The quote is from an article in Technology Review, which describes a new semantic database technology for dealing with numeric data, developed by a Cambridge, MA start-up, True Engineering Technology .  The idea is fairly simple: each number is stored along with its units of measurement, context, tolerance, and semantic tagging information.

To store a number in the system–creating what the company calls a “truenumber”–a user simply types a short phrase into a form on the website … [for example] a user might type, “The distance from New York to London in kilometers is 5,581.”.

The software is being made available in two ways: as a product that companies can install on their own servers and networks, and as a free (of charge) public Web service at the company’s site, something that the company envisions as a “Wikipedia for numbers”.  The market for the commercial version is expected to be engineering companies, primarily, but potentially any organization that works extensively with numbers is a possible customer.

I will be interested to see if this becomes successful.  I have a vivid memory of one personal experience of numbers being used by someone who didn’t understand them.  I worked for a time, quite a few years ago, for a consulting company that, among other things, published regular reports on the state of the economy and financial markets.  These included figures on the rate of return to various investments over recent periods.  One of the returns reported was for investments in 30-day US Treasury bills.   Now this should have been easy to get, since the prices of T-bills are reported every day in the Wall Street Journal and many other papers.  Yet our firm’s numbers were consistently different from the ones calculated by everyone else.
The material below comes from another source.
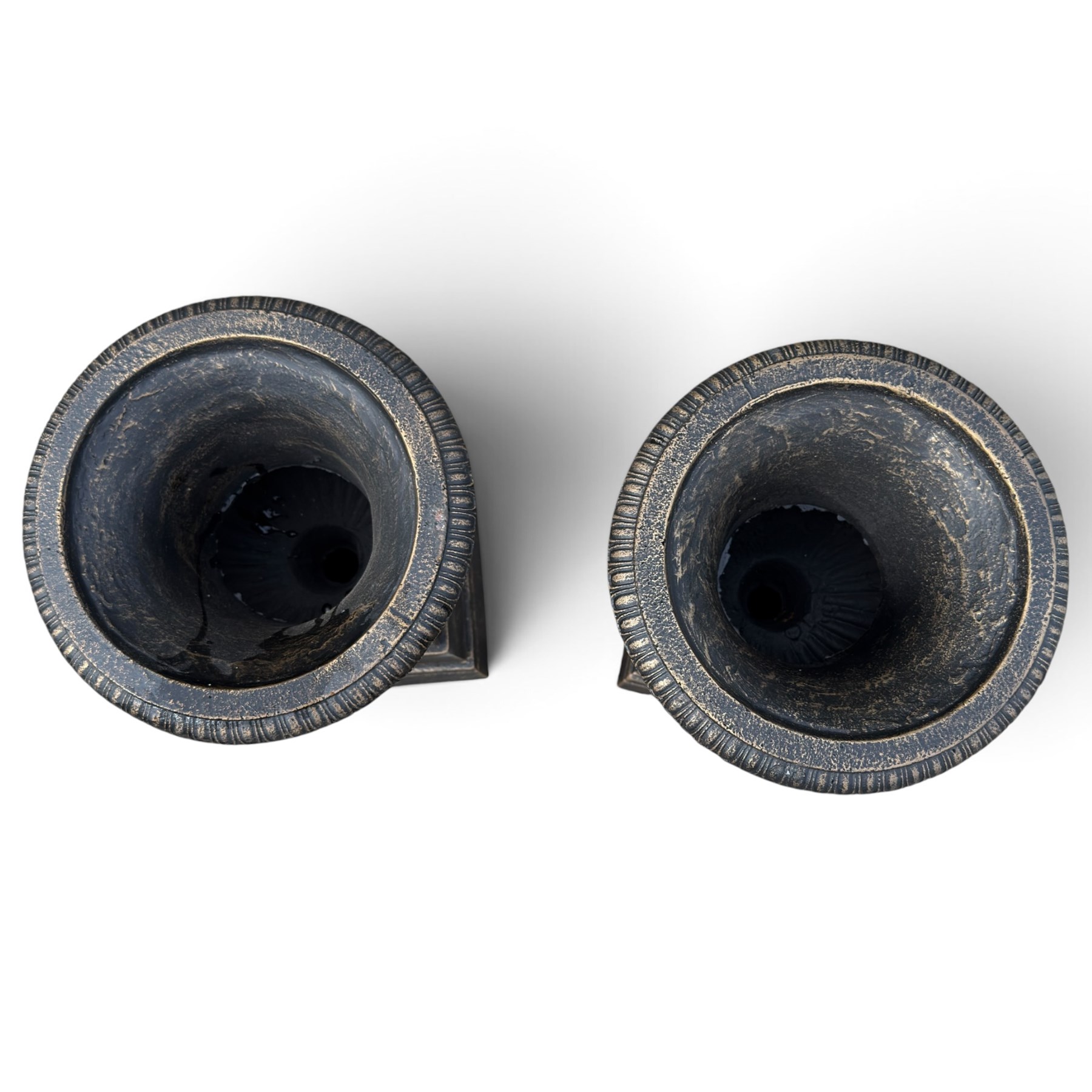 Pair of Neoclassical design black and gilt painted cast iron garden urns of campana form, with egg-and-dart rims and fluted bodies, on knopped stems, fluted socles and stepped square plinth bases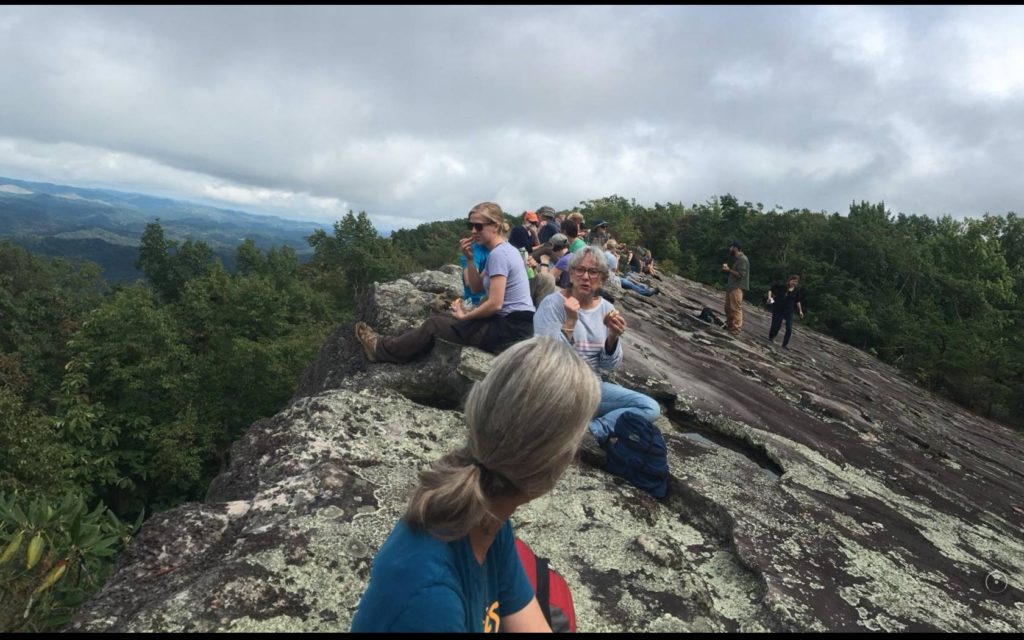 A group of hikers sits on Pine Mountain ridgeline in harlan county, kentucky, at knobby rock. KNLT is supported by MACED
I asked if anyone had looked into this, and was told that they had, and that the formula used for the calculations had been checked, and verified to be correct. So I went to see the guy that did the calculation, and asked him to humour me by walking through a sample with me.  The formula, as it happened, was exactly right; it’s just that  it didn’t apply for the data that were being used.  Treasury bills are discount instruments.  Unlike, say, a corporate bond that provides a periodic interest payment (typically semi-annually), the T-bills interest is implicit.  If the bill will be redeemed for $100 at maturity, it will initially be sold at a discount, at a price less than $100.  For example, if the bill sells originally for $99, and is redeemed for $100 at maturity, the interest rate over that period is [(100/99) -1] * 100 = 1.01 %.   And therein was the rub: the formula being used assumed that the rate entered was the interest rate, but the number reported in the paper is the discount (which would be 1% in this case).  So the numbers were consistently too low.

Fortunately, the mistake was easily fixed, and the historical data corrected, once the problem was found.  But I can’t help but think that there are many more examples out there, perhaps not as spectacularly disastrous as the Mars Orbiter, but waiting to bite someone nonetheless.

Oh, I almost forgot.  A stone is a British unit of weight, equal to 14 pounds (I weigh about 10½ stone).  A barleycorn is an old English unit of distance, equal to about one-third of an inch.  And a fortnight is a unit of time: fourteen days.   Now weight is a measure of force ( F = ma, from Newton), and we know from elementary mechanics that the definition of work is:

Work = Force · distance

So we have a measure of work per unit time; or, in other words, a measure of power.  (Compare the definition of one horsepower as 33,000 foot-pounds per minute.)